Espaço de resistência da comunidade quilombola Invernada dos Negros, o prédio público foi derrubado arbitrariamente. Sociedade civil pede providências

Na última quinta-feira, 1 de abril, a demolição de uma escola pública localizada no Distrito de Ibicuí, em Campos Novos, pegou a comunidade quilombola de surpresa e causou comoção dos movimentos sociais e de representantes políticos catarinenses.

“Foi no final da tarde e ficamos sabendo pelas redes sociais. Havia vários vídeos circulando e, logo que soubemos, fomos até lá e nos deparamos com nossa escola totalmente destruída”, relata Edson Camargo, liderança na Comunidade de Remanescentes Quilombolas Invernada dos Negros, presidente do PT em Abdon Batista/SC e militante das causas sociais.

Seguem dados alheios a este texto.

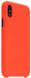Силиконовый бампер COTEetCI для iPhone X красный (CS8013-RD)  1687 фото 1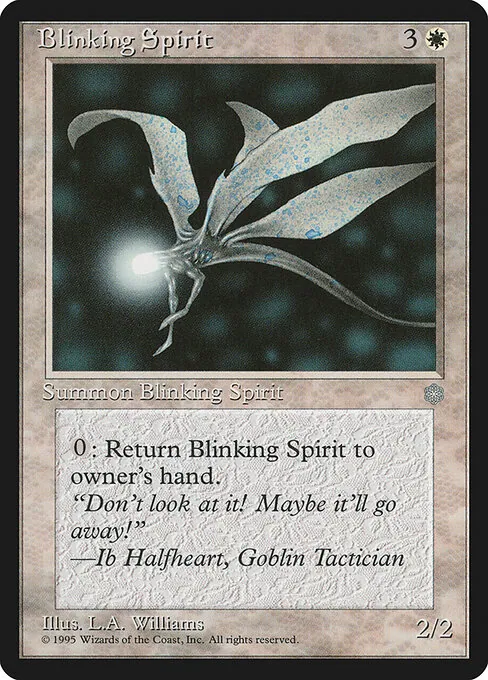 Blinking Spirit 008/399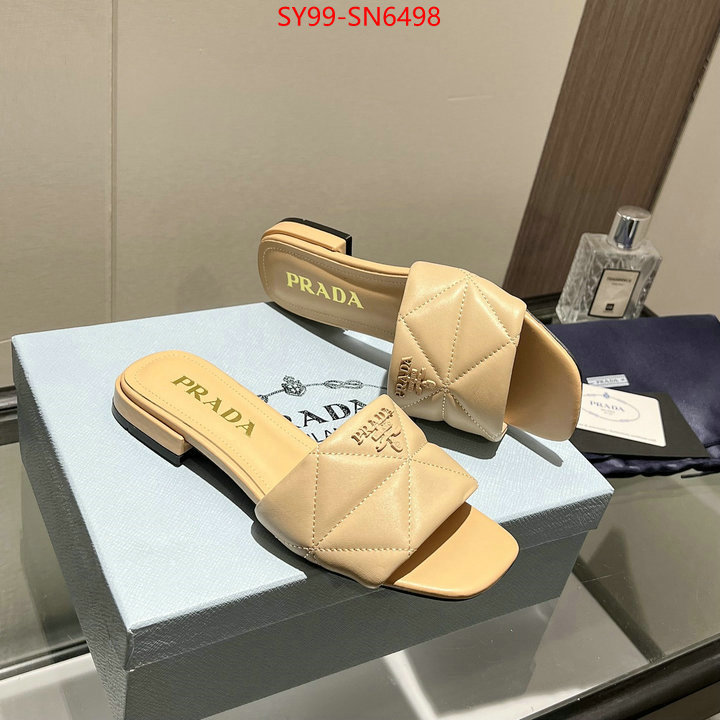 Women Shoes-Prada,aaaaa replica designer , ID: SN6498,$: 99USD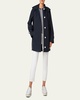 Hooded Two-Tone Jacket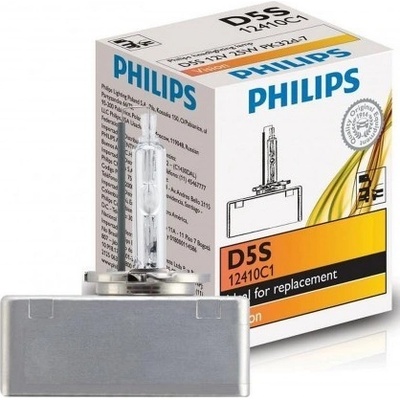 Philips xenónová výbojka D5S 12410C1 12V 25W Vision PHILIPS 12410C1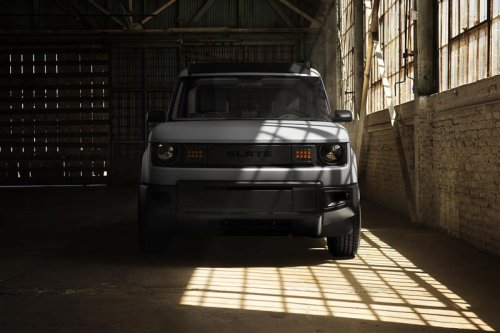 View photos of the 2027 Slate truck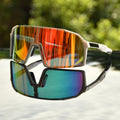 Custom Designer Big Frame Sport Sunglasses Outdoor Running Ski Cycling Sport Sunglasses Sport Eyewear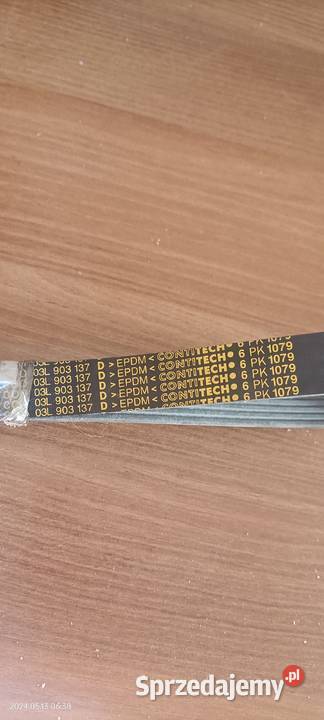 03L 903 137T 6PK1079 Oryginalny Pasek VW OE osobowe Luzino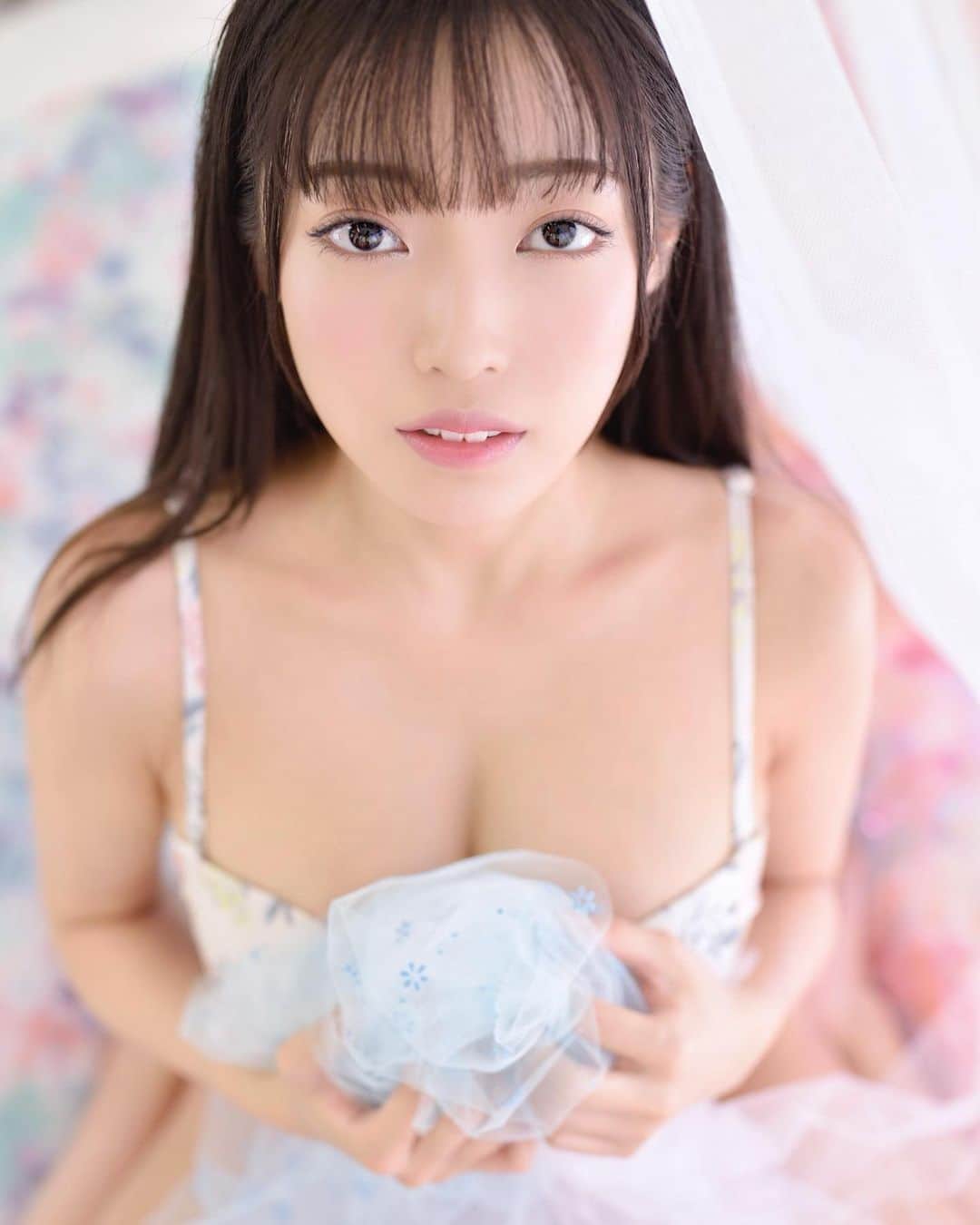 桜田愛音のインスタグラム：「おはのん🌸 ・ ・ ・ ・ ・ ・ ・ twitter→ sakurada_anon ←検索🔍 ・ ・ ・ #桜田愛音　#マグニファイエンタテイメント　#インスタグラビア #グラビア　#水着 #撮影会　#撮影 #撮影モデル #カメラ #メイク #camera #Shooting #makeup #girl  #photooftheday #selfie #tiktok」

A escola abrigava a Educação Quilombola da comunidade de Invernada dos Negros, conforme Resolução da Educação Quilombola N° 0086/2019, do Conselho Estadual de Educação, em diálogo com a Coordenadoria de Educação de Campos Novos e intermediado e registrado pelo Ministério Público Federal e tinha três turmas (Ensino Fundamental I e II e Ensino Médio), com cerca de cem estudantes, sendo grande parte idosos.

Com a construção de uma nova planta, a comunidade dialogava sobre a doação do edifício para atividades da própria comunidade. “A gente vinha fazendo as tratativas junto com o Ministério Público Federal de que, quando houvesse a inauguração da escola nova, construída para a população do Distrito de Ibicuí, as instalações antigas deveriam ficar para as atividades da Educação Quilombola”, explica Camargo. 

Comunidade soube da demolição pelas redes sociais./Foto: Comunidade Invernada dos Negros.

Segundo ele, o edifício era mais que uma escola para a comunidade. “Esse espaço representava um espaço de resistência, um espaço cultural onde a gente podia desenvolver nossa cultura, desenvolver nossas danças tradicionais, etc. Chegamos a receber mais de cem pessoas da Universidade Federal da Fronteira Sul em um projeto muito bonito que fizemos há mais um menos um ano. Era o principal espaço que a comunidade tinha conquistado para o encontro e o desenvolvimento da comunidade. Sem contar os nossos alunos. Você explicar para uma pessoa de 90 anos que a gente tinha uma escola e a nossa escola foi demolida é muito triste”, lamenta o líder quilombola.

Questionada sobre a demolição do patrimônio público de responsabilidade do Governo do Estado de Santa Catarina, a assessoria de imprensa da Secretaria de Educação do Estado informou que não tinha conhecimento da demolição e que não havia autorizado a mesma.

“A Secretaria de Estado da Educação (SED) esclarece que não autorizou a demolição da estrutura física antiga da EEB José Faria Neto, em Campos Novos, ocorrida na última quinta-feira. A SED está apurando as informações e documentos a respeito da demolição e, caso necessário, tomará as medidas cabíveis”, informou a assessoria de imprensa, em nota enviada ao Portal Catarinas nesta segunda, 5.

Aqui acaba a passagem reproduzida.